Mr. Prain: I can only give you an opinion, because you realize I am connected with the Rhodesian industry and not the British. But I think it is without doubt that the biggest copper user in the United Kingdom is the British Insulated Callender Cables Company, and they draw wire for their own consumption in their own cables. They are the biggest cable manufacturer.
Mr. Kennedy: Do they sell to brokers?
Mr. Prain: No.
Mr. Kennedy: They do not?
Mr. Prain: No.
Mr. Kennedy: None of the wire from them goes directly or indirectly to the Soviet Union?
Mr. Prain: That is right.
Mr. Kennedy: What is the next?
Mr. Prain: I am afraid I just don’t know the order of dimension, but there are some big companies. There is a company called London Electric Wire, another one called Fredrich Smith.
Mr. Kennedy: Do you know if London Electric Wire ships wire to the Soviet Union?
Mr. Prain: I know nothing about their business.
Mr. Kennedy: What are the companies that you ship to?
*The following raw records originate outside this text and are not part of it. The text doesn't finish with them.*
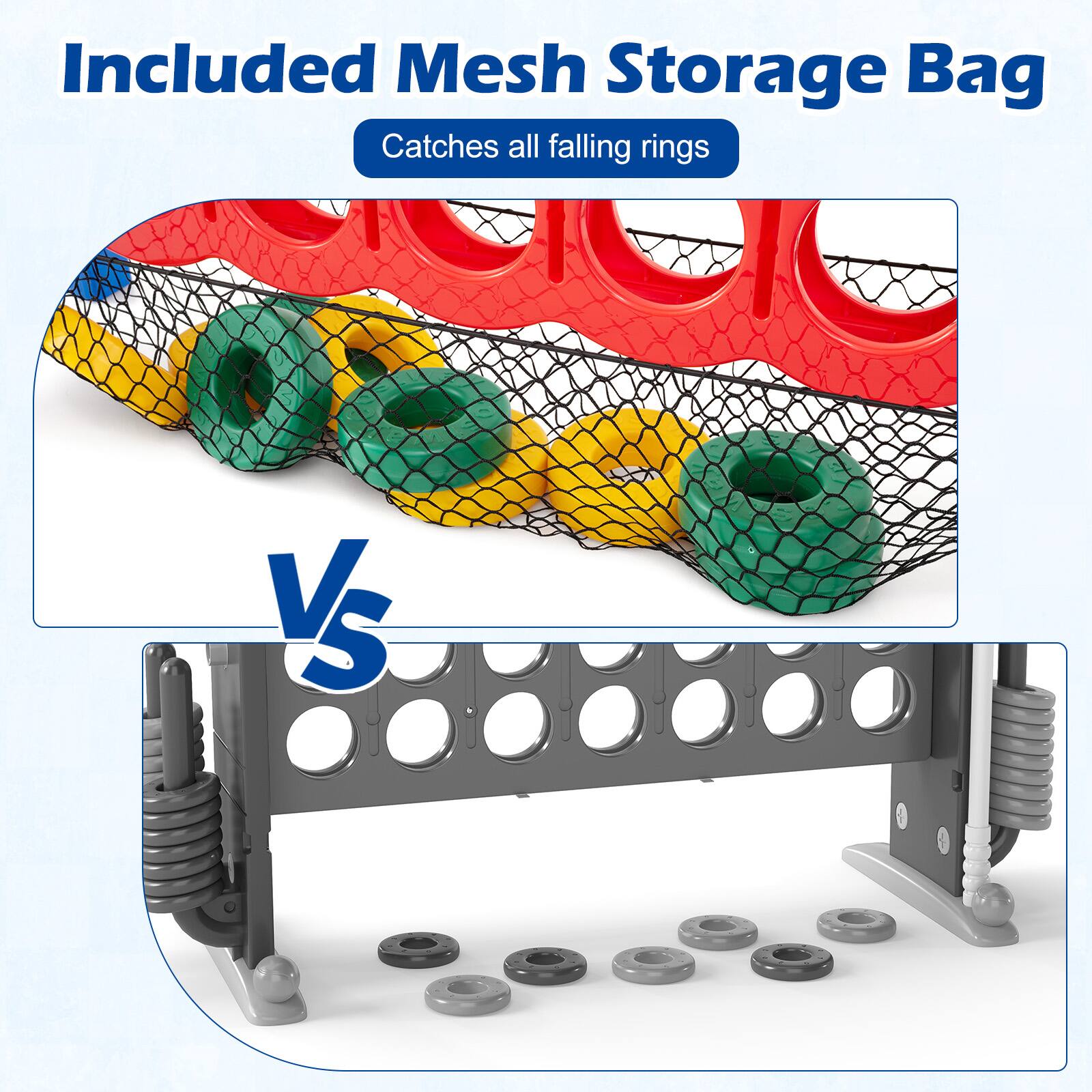 Included Mesh Storage Bag  
Catches all falling rings  

VS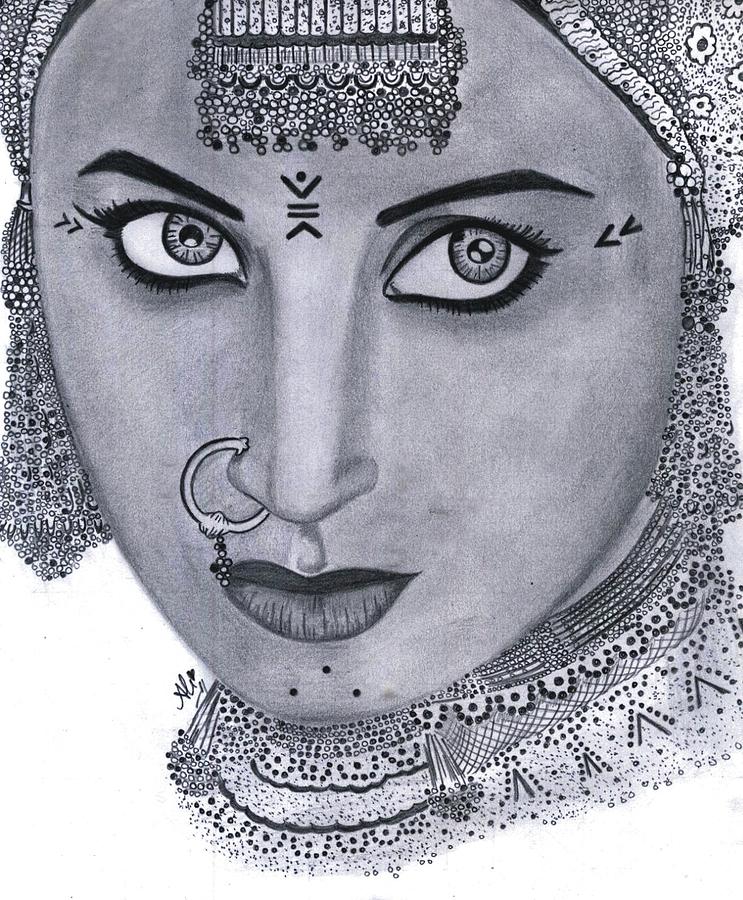 Urmila Drawing by Bobby Dar - Fine Art America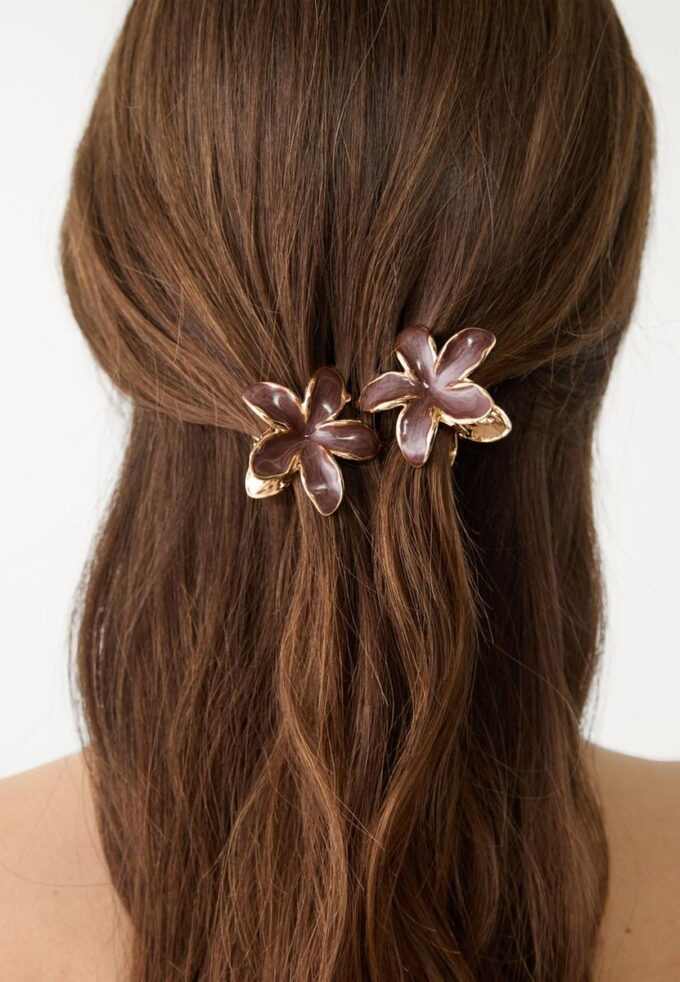 3er-Pack Haarspangen mit Blumenmuster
Mr. Prain: I ship to British Insulated, which I have mentioned. My next biggest customer by a long way is the Enfield Rolling Mills, which is associated with the Enfield Cable Company. Then my third biggest customer is the Imperial Chemical Industries, ICI, and after that there are three very small customers.
Mr. Kennedy: What are their names?
Mr. Prain: The Yorkshire Copper, Birmingham Battery.
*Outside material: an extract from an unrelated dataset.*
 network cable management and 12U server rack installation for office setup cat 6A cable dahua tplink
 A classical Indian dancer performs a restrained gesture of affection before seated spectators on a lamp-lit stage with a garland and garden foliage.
Mr. Kennedy: Birmingham what?
Mr. Prain: Battery. And a firm called Radcliffe. These last two are not war manufacturers.
Mr. Kennedy: Does the Enfield Rolling Mills ship directly or indirectly to the Soviet Union?
Mr. Prain: No.
Mr. Kennedy: Does the Imperial Chemical ship any copper directly or indirectly to the Soviet Union?
Mr. Prain: No.
Mr. Kennedy: And you have talked to them?
Mr. Prain: Yes.
Mr. Kennedy: And they told you that none of their products that come out of that company—
Mr. Prain: They don’t even sell their wire. They use it in their own plant. They are primarily not wire people. They are primarily sheet and strip people.
Mr. Kennedy: Let me know about the Yorkshire. Does any of the wire that comes out of that company go to the Soviet Union?
Mr. Prain: No, sir. They make no wire. They are copper tube people.
Mr. Kennedy: What about Birmingham Battery?
Mr. Prain: Birmingham Battery. They are not wire people either.
Mr. Kennedy: What about Radcliffe?
Mr. Prain: No. They are sheet and strip.
Mr. Kennedy: Does any of the wire that comes out of these companies go on the public market where it can be purchased in the Soviet Union?
Mr. Prain: No, no. I think it goes into their own cable manufacture, or is shipped to their subsidiaries in the British Empire like Australia and South Africa.
Mr. Kennedy: Why do not [sic] these companies ship any wire to the Soviet Union? What is the reason for that?
Mr. Prain: I don’t know.
Mr. Kennedy: They have such large accounts going.
Mr. Prain: I am not connected with them. I don’t know.
Mr. Kennedy: Who does ship the wire to the Soviet Union, if these wire-making companies do not?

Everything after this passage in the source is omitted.